_YOUR INSTRUCTIONS_. Starting with the line that contains "Townhouses, new residential" and stopping after the line that contains "Watercolor Christmas Snowflake", return each line below exactly as written, with no others.

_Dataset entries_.
************
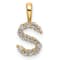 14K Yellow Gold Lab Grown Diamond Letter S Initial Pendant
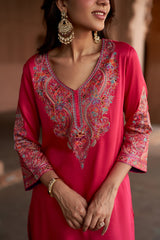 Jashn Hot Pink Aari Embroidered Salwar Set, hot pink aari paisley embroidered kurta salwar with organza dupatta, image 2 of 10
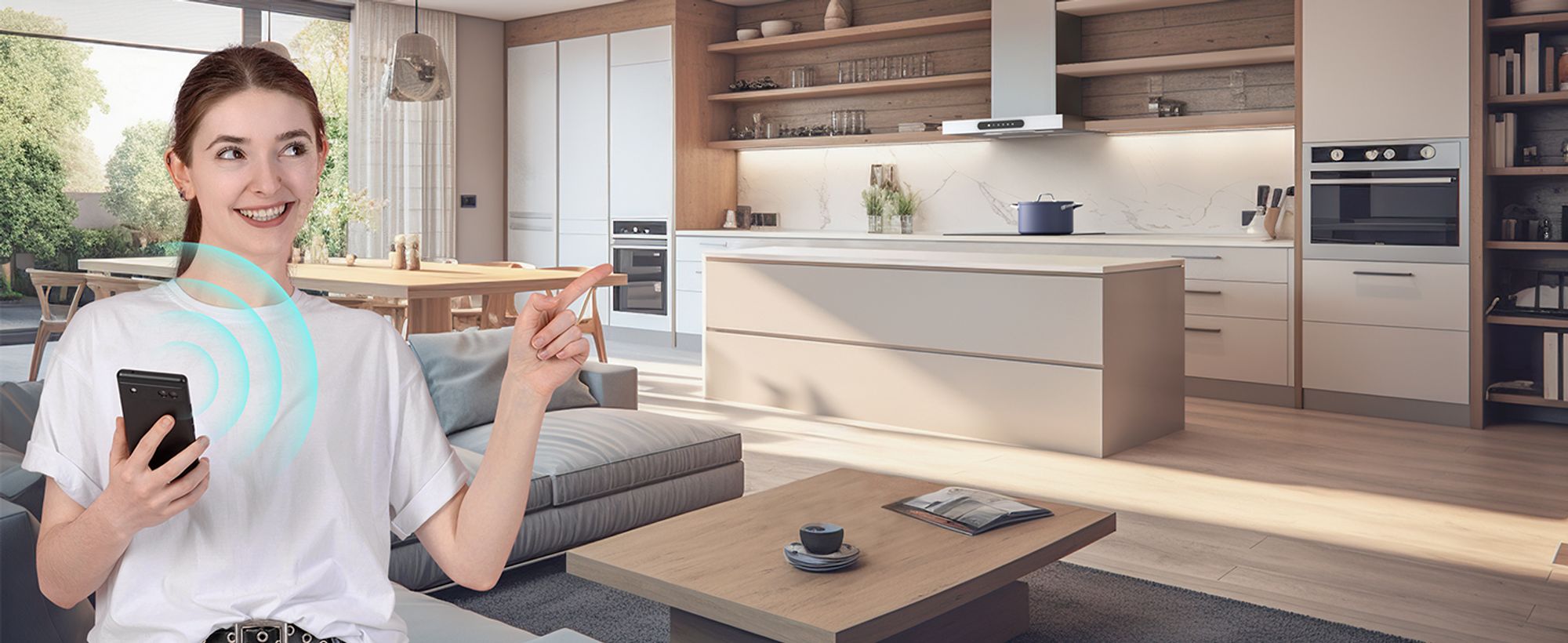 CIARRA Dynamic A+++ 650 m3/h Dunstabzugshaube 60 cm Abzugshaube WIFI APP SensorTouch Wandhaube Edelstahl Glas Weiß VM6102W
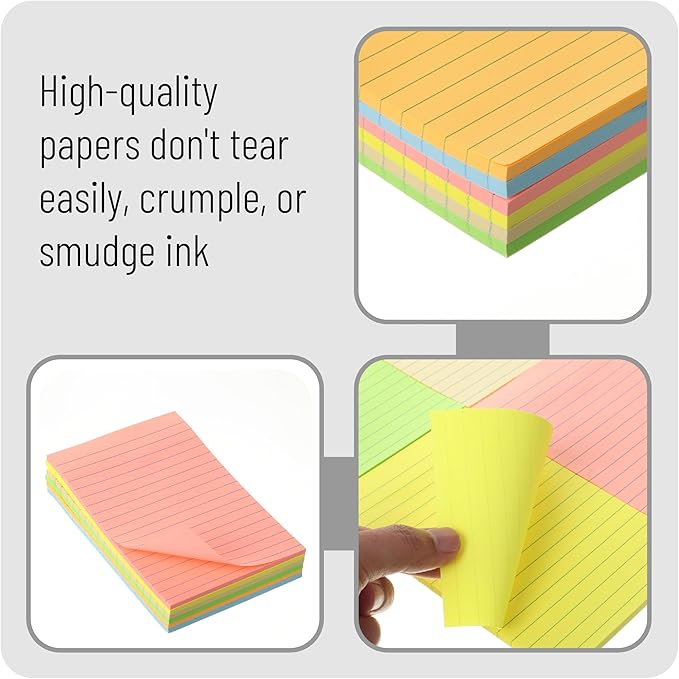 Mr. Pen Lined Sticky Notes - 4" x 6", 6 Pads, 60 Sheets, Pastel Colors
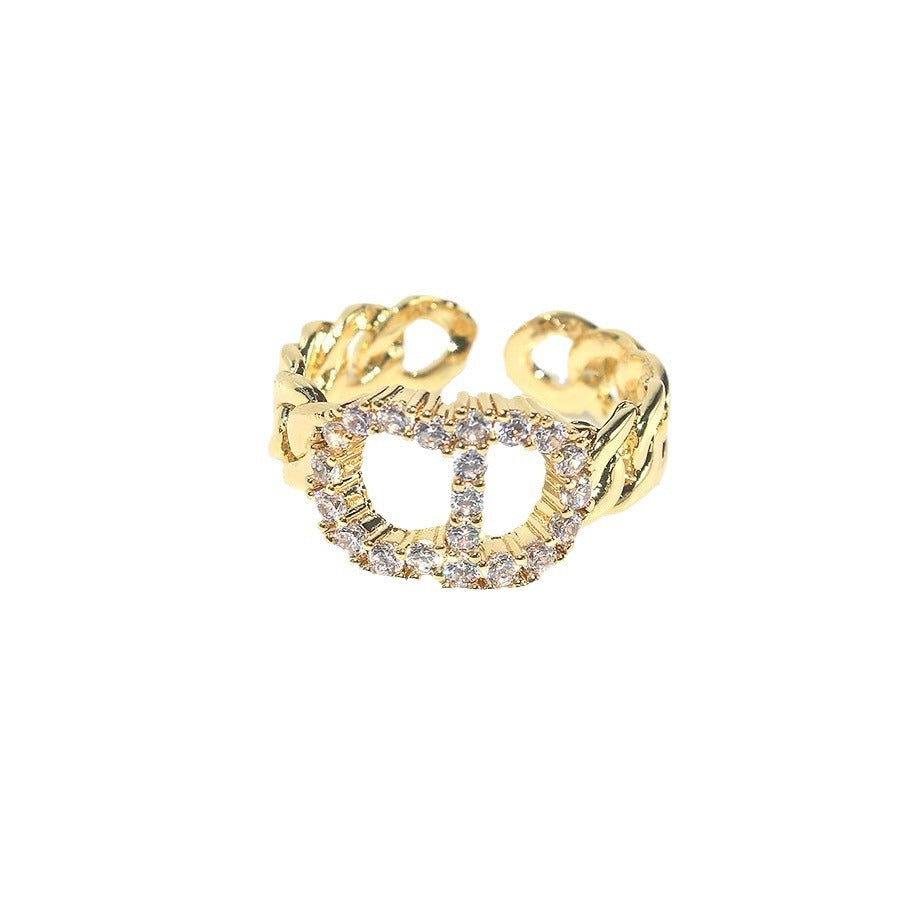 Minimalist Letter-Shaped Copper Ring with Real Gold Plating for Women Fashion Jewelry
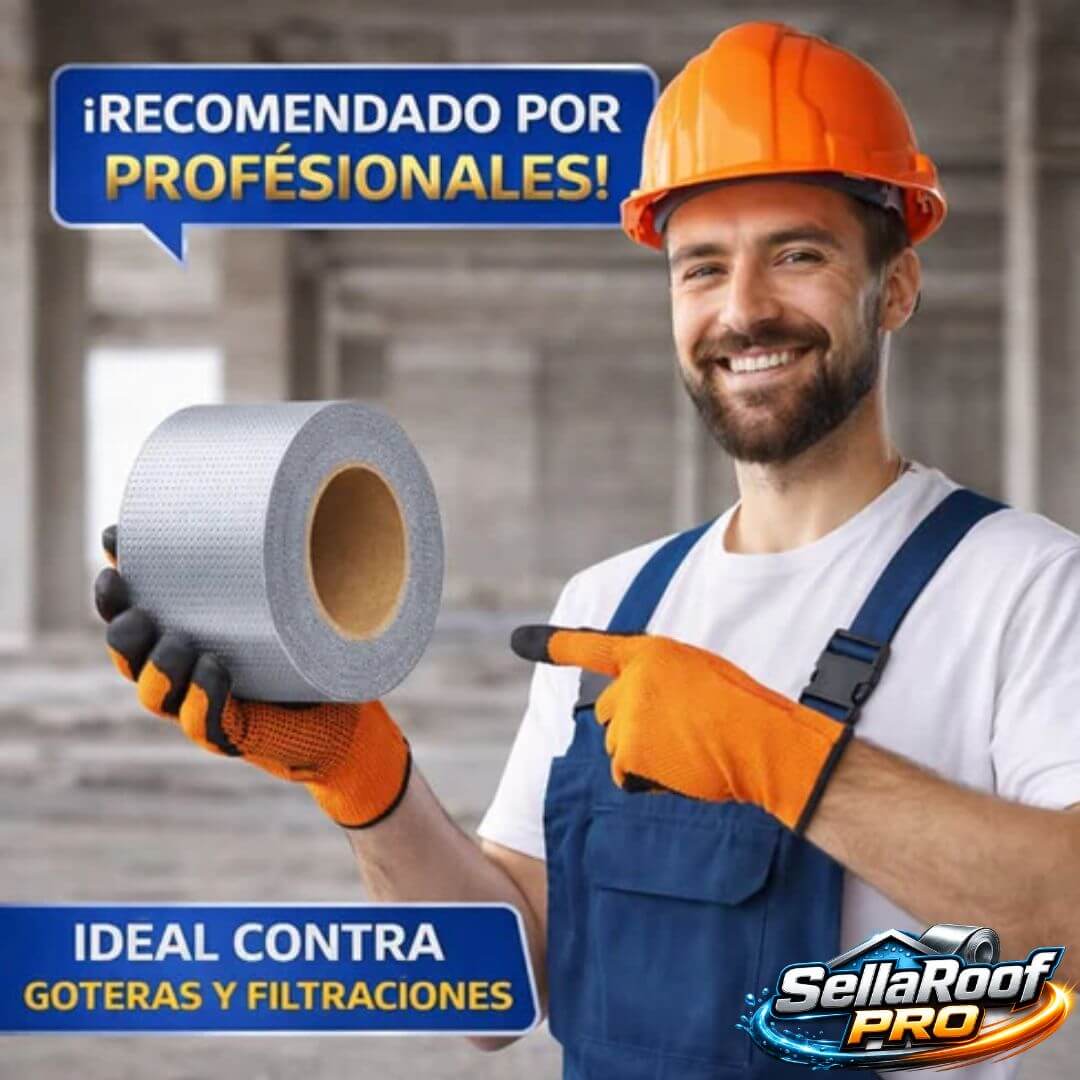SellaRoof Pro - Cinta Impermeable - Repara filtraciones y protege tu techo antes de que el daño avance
************
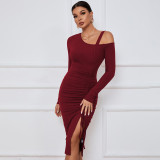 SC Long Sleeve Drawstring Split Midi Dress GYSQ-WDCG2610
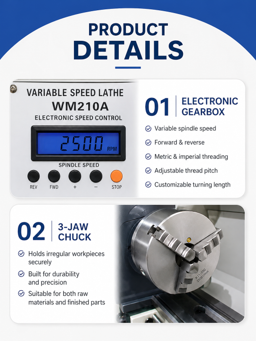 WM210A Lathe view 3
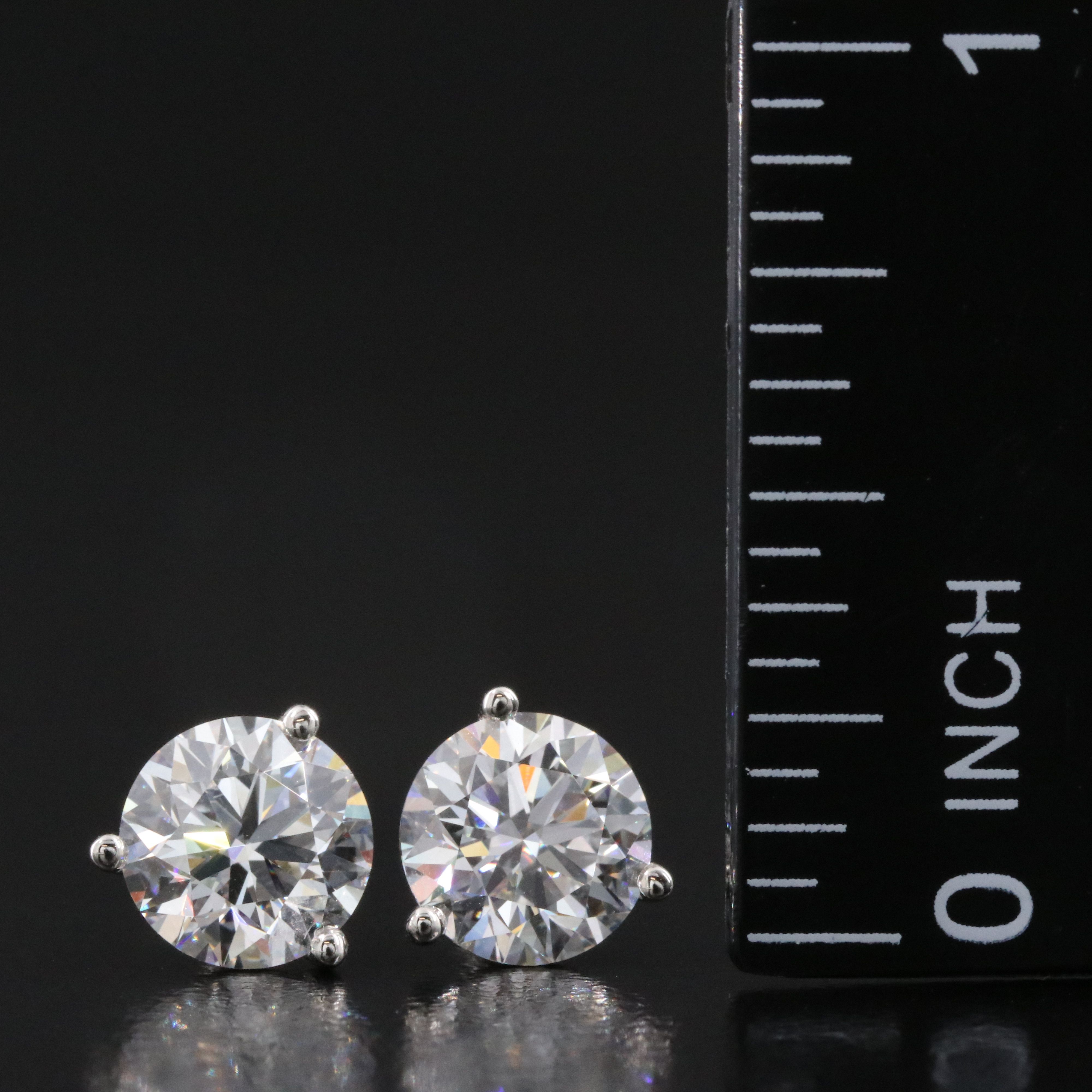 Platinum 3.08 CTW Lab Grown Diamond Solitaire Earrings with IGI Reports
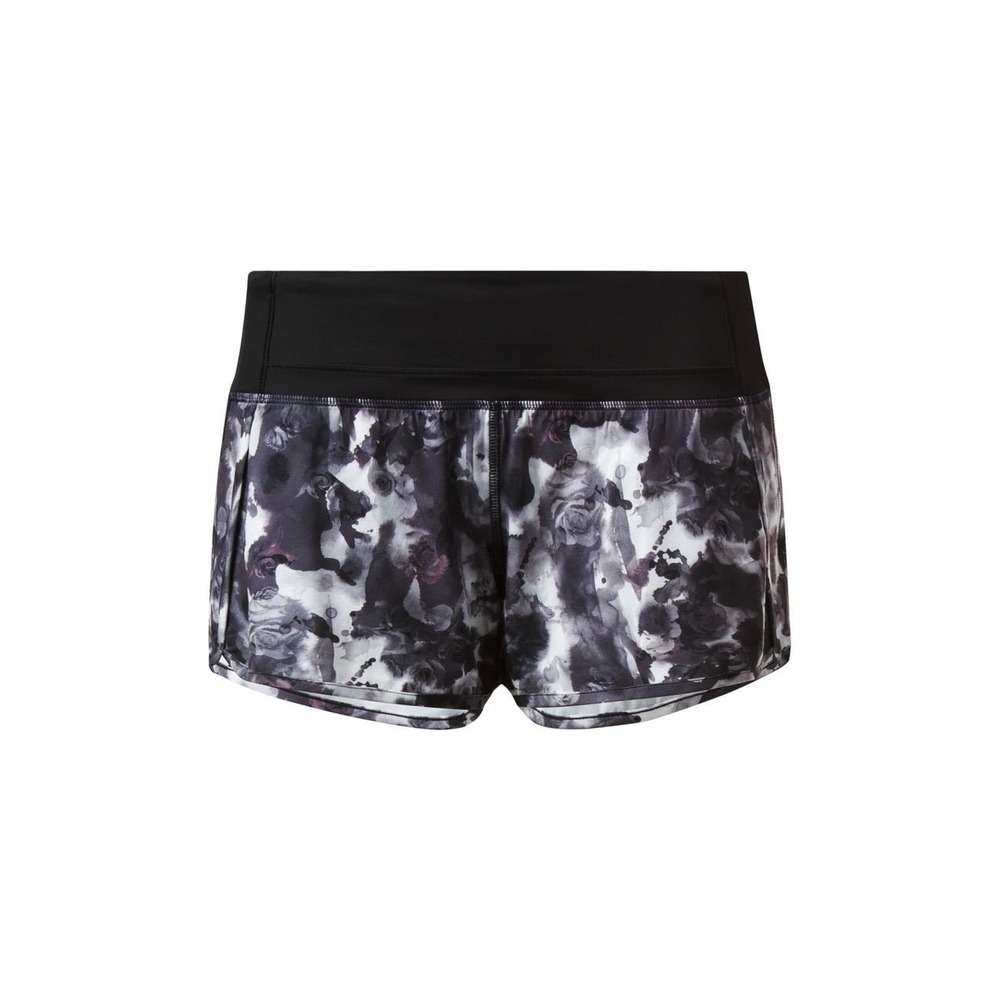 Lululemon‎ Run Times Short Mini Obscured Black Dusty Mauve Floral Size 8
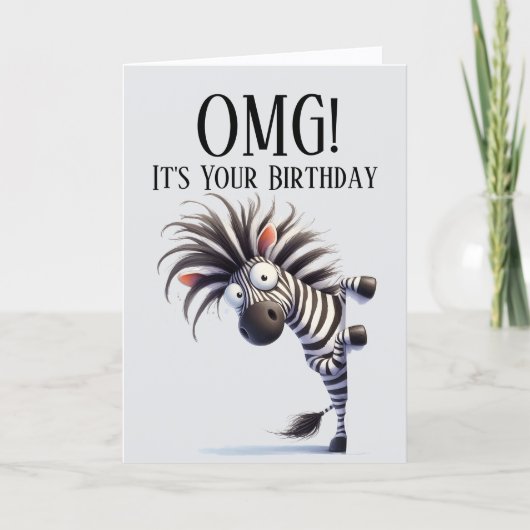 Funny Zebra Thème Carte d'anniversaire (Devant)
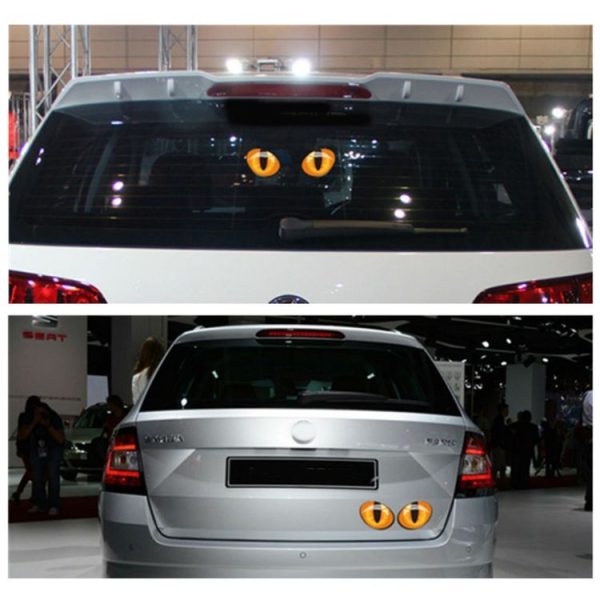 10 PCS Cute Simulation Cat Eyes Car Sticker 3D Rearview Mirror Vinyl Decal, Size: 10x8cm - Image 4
************
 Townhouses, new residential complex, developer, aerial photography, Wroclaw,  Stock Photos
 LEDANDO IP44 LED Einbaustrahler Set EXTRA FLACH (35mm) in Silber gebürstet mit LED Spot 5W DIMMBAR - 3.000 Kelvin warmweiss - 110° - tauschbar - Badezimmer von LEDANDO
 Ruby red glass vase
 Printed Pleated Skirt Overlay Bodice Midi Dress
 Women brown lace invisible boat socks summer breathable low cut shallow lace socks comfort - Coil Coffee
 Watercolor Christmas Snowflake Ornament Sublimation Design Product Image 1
************
_TASK RESPONSE_.
 Townhouses, new residential complex, developer, aerial photography, Wroclaw,  Stock Photos
 LEDANDO IP44 LED Einbaustrahler Set EXTRA FLACH (35mm) in Silber gebürstet mit LED Spot 5W DIMMBAR - 3.000 Kelvin warmweiss - 110° - tauschbar - Badezimmer von LEDANDO
 Ruby red glass vase
 Printed Pleated Skirt Overlay Bodice Midi Dress
 Women brown lace invisible boat socks summer breathable low cut shallow lace socks comfort - Coil Coffee
 Watercolor Christmas Snowflake Ornament Sublimation Design Product Image 1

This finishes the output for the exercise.